In principle, when attending a conference, it would always be nice to prepare the talk carefully, long in advance, preferably before travelling. I have been accused of having bad time management for not (always) doing so. With so many things I want to do, I find it optimises my time best to use the journey to prepare my talk, though it doesn't always work out as swimmingly as I plan. It seems that things have never been much different. I am sitting having lunch in Plovdiv, reading George Gamow's Thirty Years that Shook Physics, about the early history of Quantum Physics, and I came across the following anectode:
[I was] asked to deliver a lecture in the institute of Henri Poincaré, of which he [de Broglie] was a director. I decided to come well prepared. I planned to write the lecture down in my (still) poor French on board the liner crossing the Atlantic, have somebody in Paris correct the text, and use it as notes at the lecture.

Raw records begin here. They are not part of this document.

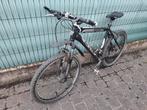 Mtb, Ophalen, Gebruikt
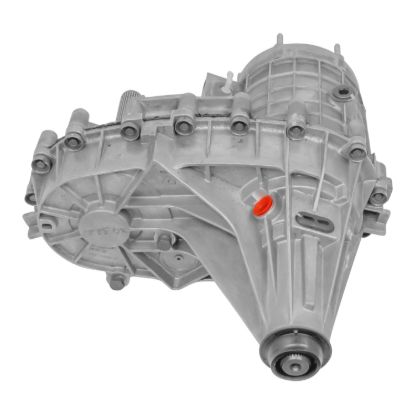 Picture of Zumbrota Drivetrain Transfer Case Assembly - RTC246D-2M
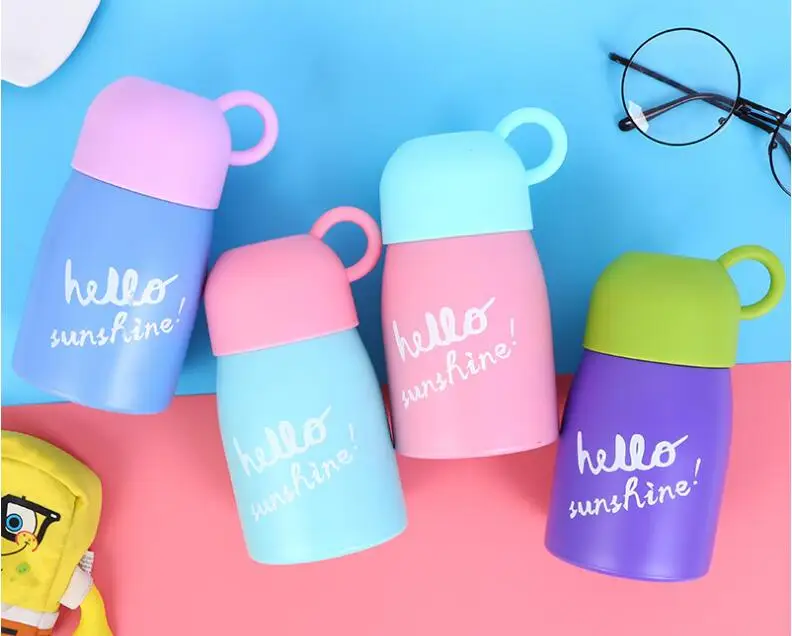 QQ截图20190926163422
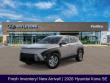 Used 2026 Hyundai Kona SE SUV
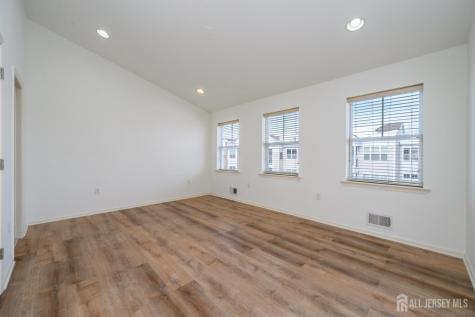361 Lehigh Avenue Perth Amboy NJ 08861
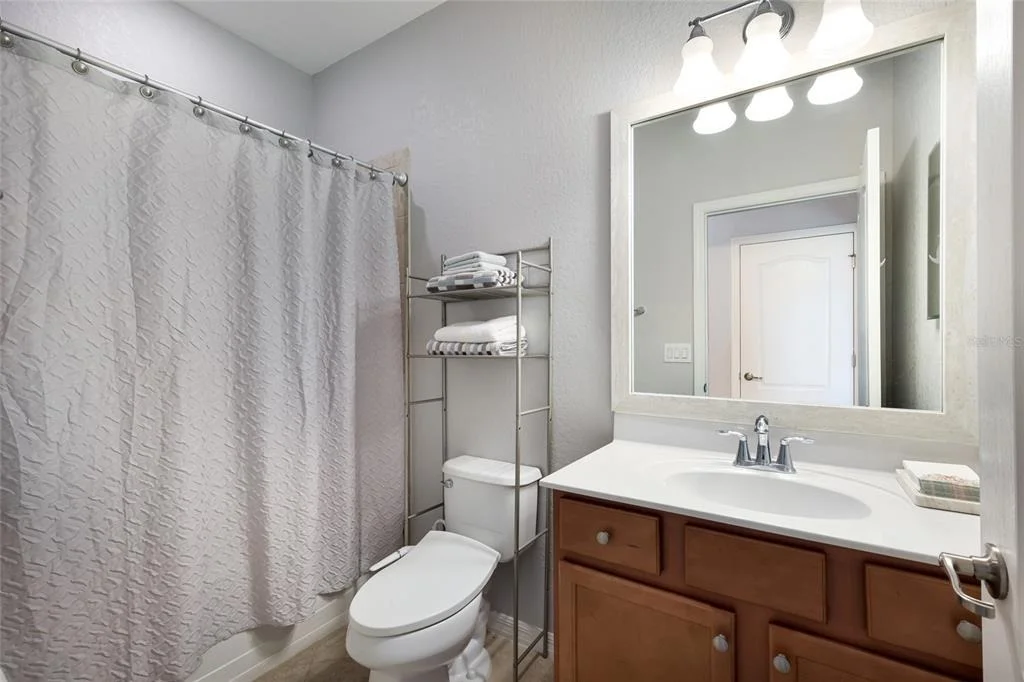 Photo of 7112 MARSH VIEW TERRACE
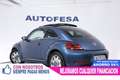 Volkswagen Beetle NEW 1.2 TSI 105CV VINTAGE 3P # TECHO ELECTRICO - thumbnail 7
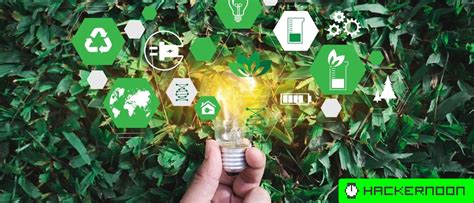 10 Eco-Friendly Business Ideas for Sustainability-Minded Startups ...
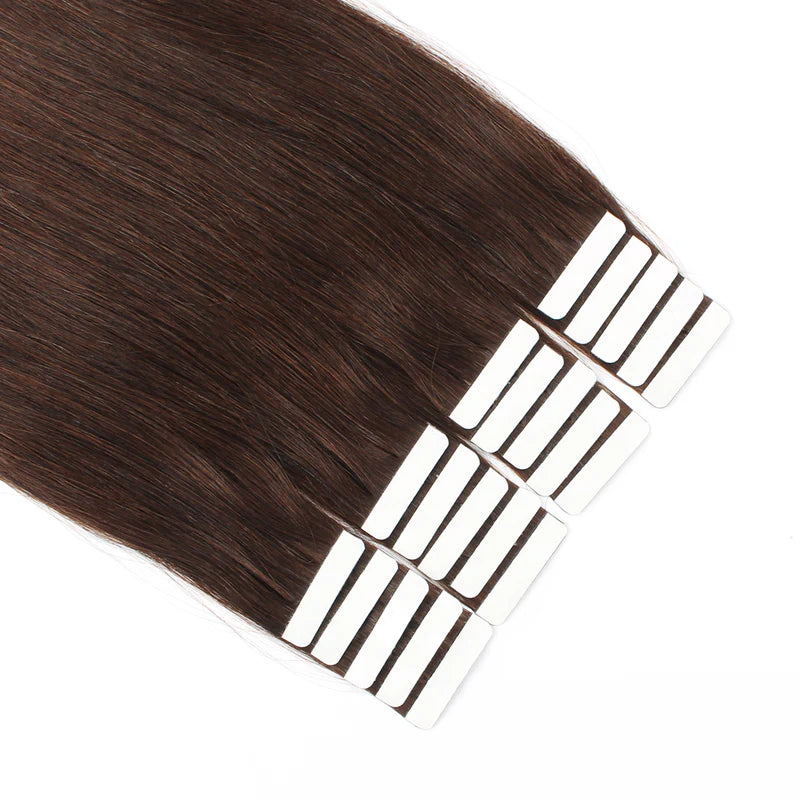 tape in hair extensions-022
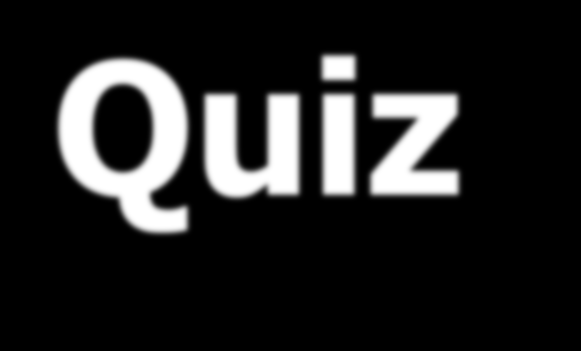 Quiz Καλά σκίζεις.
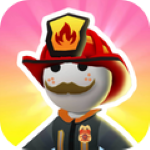 小鎮(zhèn)消防局 v1.0.2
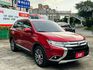 頂級魅力型~僅跑8萬~全車原鈑件~ikey~倒車顯影~衛星導航  第3張縮圖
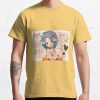 ssrcoclassic teemensffcf6eda6eb664a1front altsquare product1000x1000.u1 74 - Fairy Tail Shop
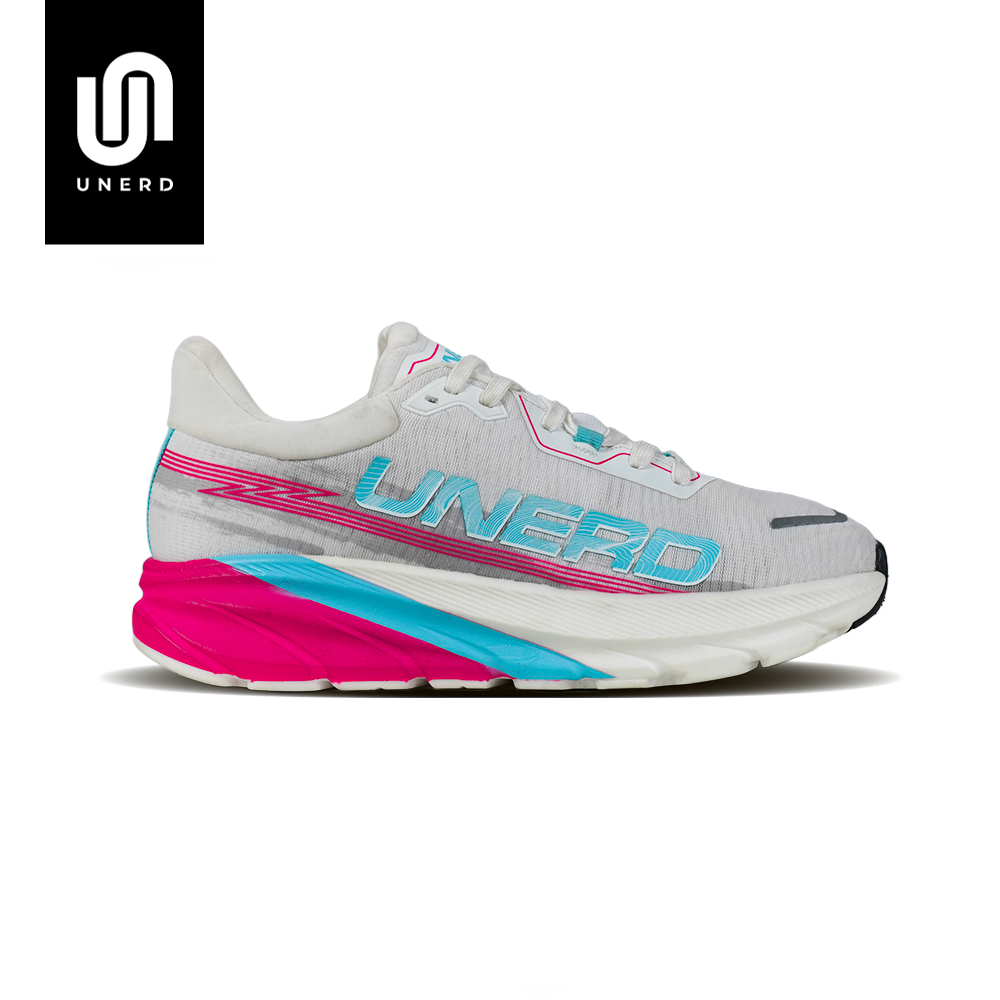 Toko Online UNERD Official Shop | Shopee Indonesia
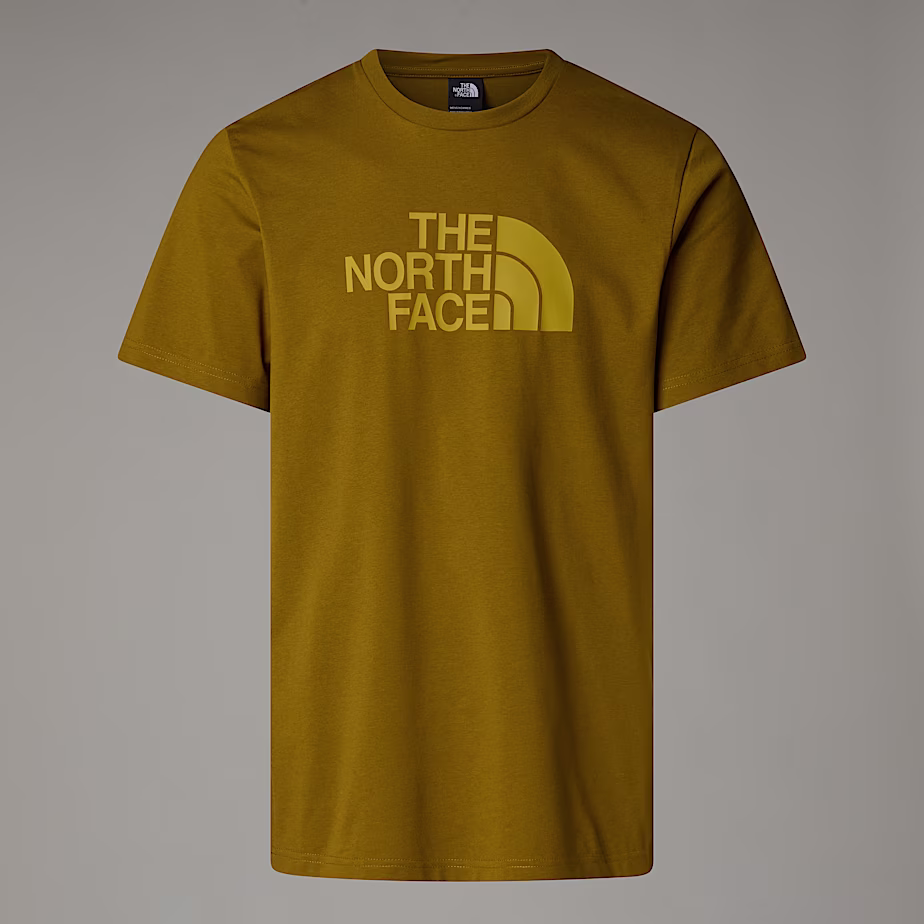 Fashionable T- Shirts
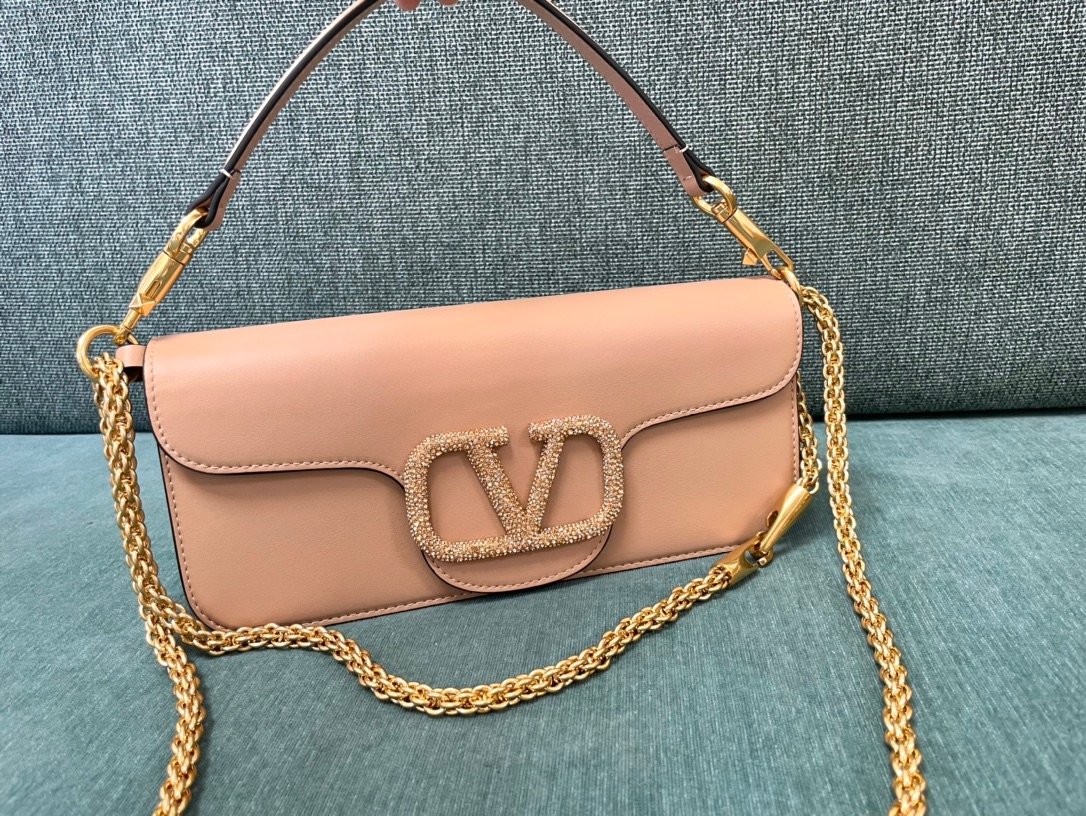 Valentino Bag
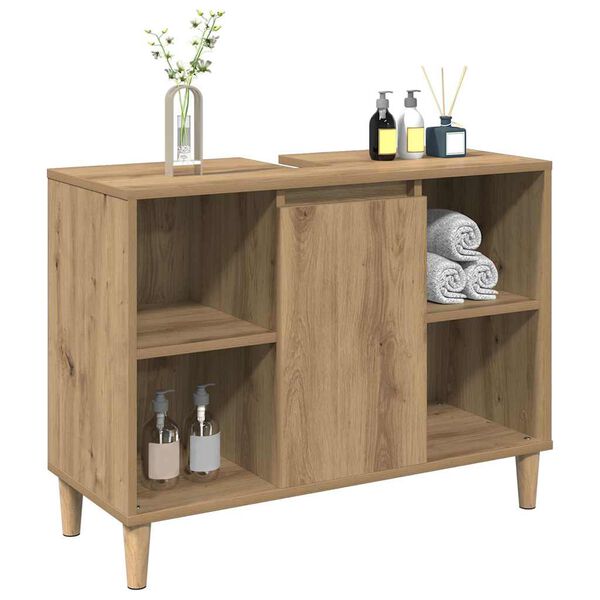 Viser produktbillede 4 af 11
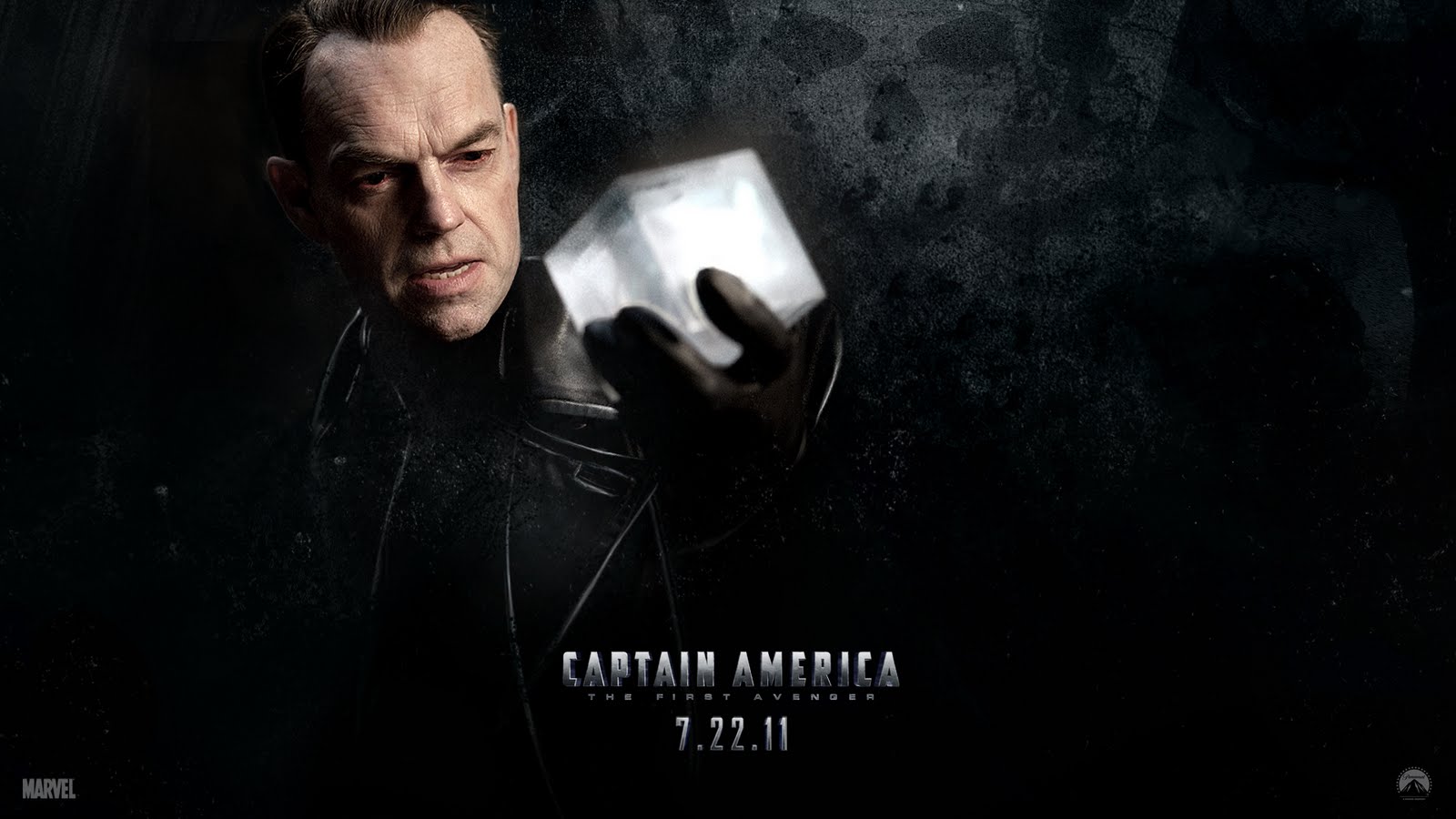 http://2.bp.blogspot.com/-4u7-3z-doX4/TjQ4osRVs-I/AAAAAAAAB5U/s4ovBRxRlNw/s1600/Hugo_Weaving_in_Captain_America%2B_The_First_Avenger_Wallpaper_5_1024.jpg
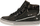 Atlete Mustang 1354503-259, të zeza, nr 38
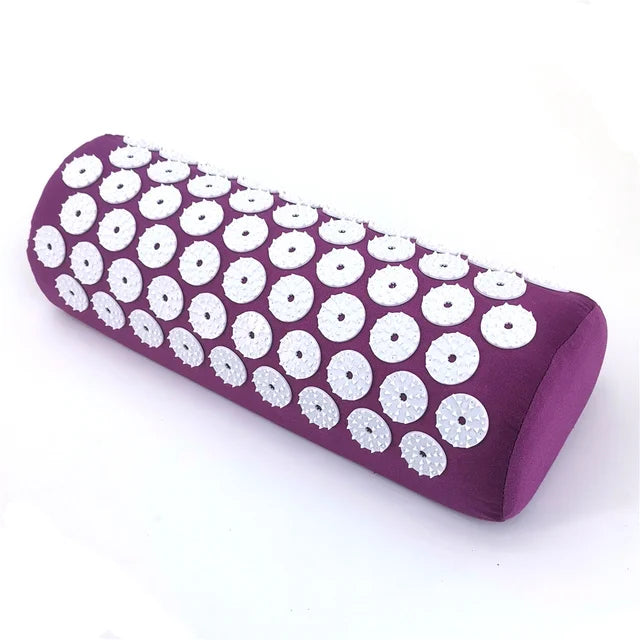 Tapis d’Acupression XL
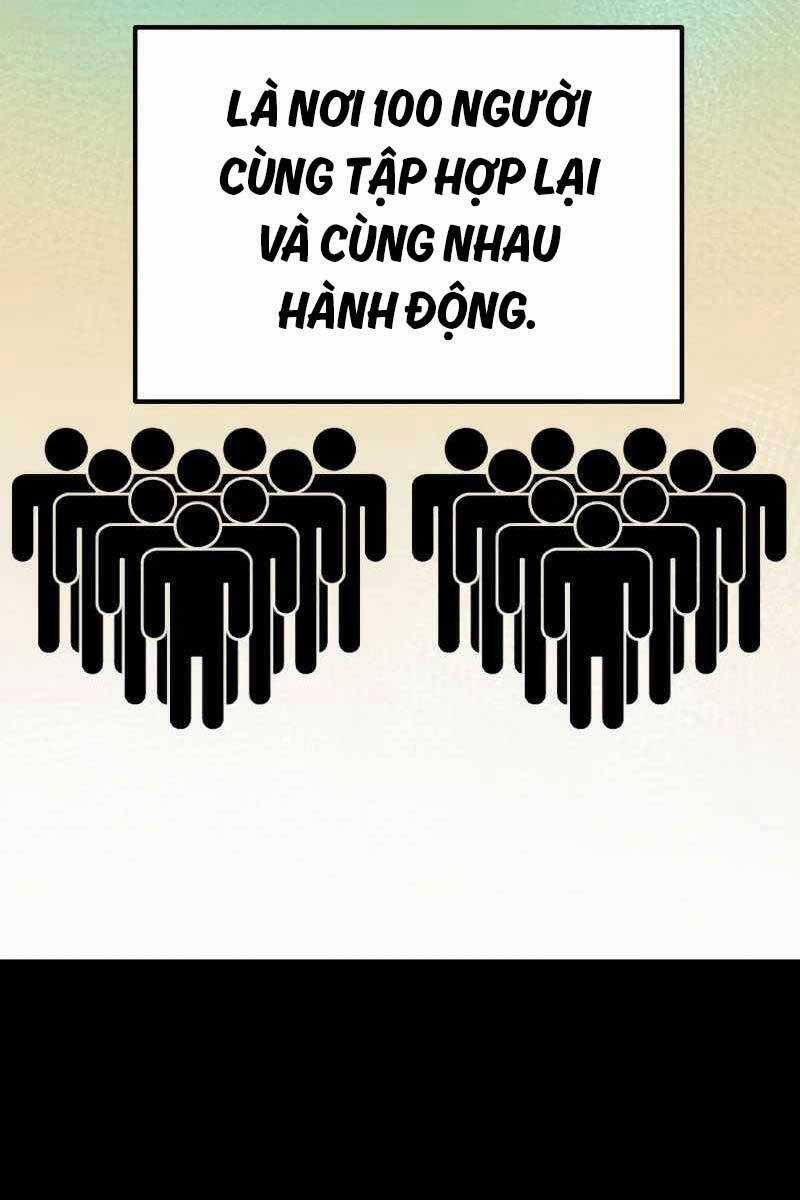 Chiến Binh Hồi Quy Chương 3 trang 44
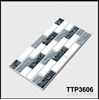 Gạch trang trí 30x60 TTP3606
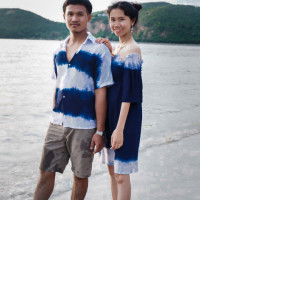 ป๊อป จี'ระ profile icon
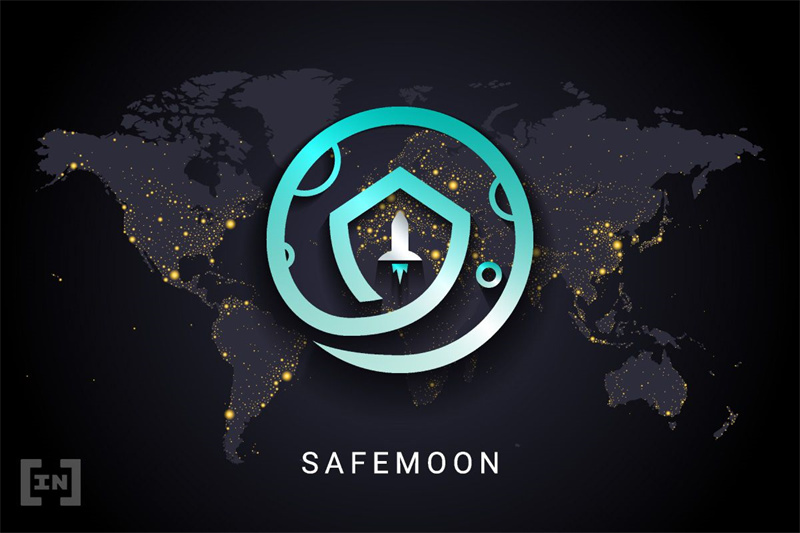 Brief SafeMoon Overview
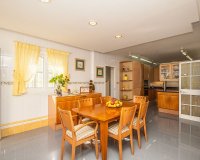 Resale - Villa - Mijas - Calahonda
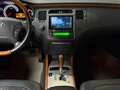 Hyundai GRANDEUR Azera 3.3i V6 GLS // Full Opties ! - thumbnail 11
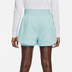 Nike Court Advantage Short 3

But, as everyone knows, all good resolutions collapse on an ocean voyage offering many distractions, and I had to face the audience in the Sorbonne completely unprepared.If it's good enough for Gamow...
P.S. I am writing this sitting in a café in Plovdiv, next to the ruins of the Roman hippodrome. From my seat, I can't take such a great picture of it (since it's basically underground), so the picture attached to the post is of the square, with the Djumaya mosque to the right). The sundial on the corner of the mosque is about an hour out, but I guess it doesn't cope with summer time very well.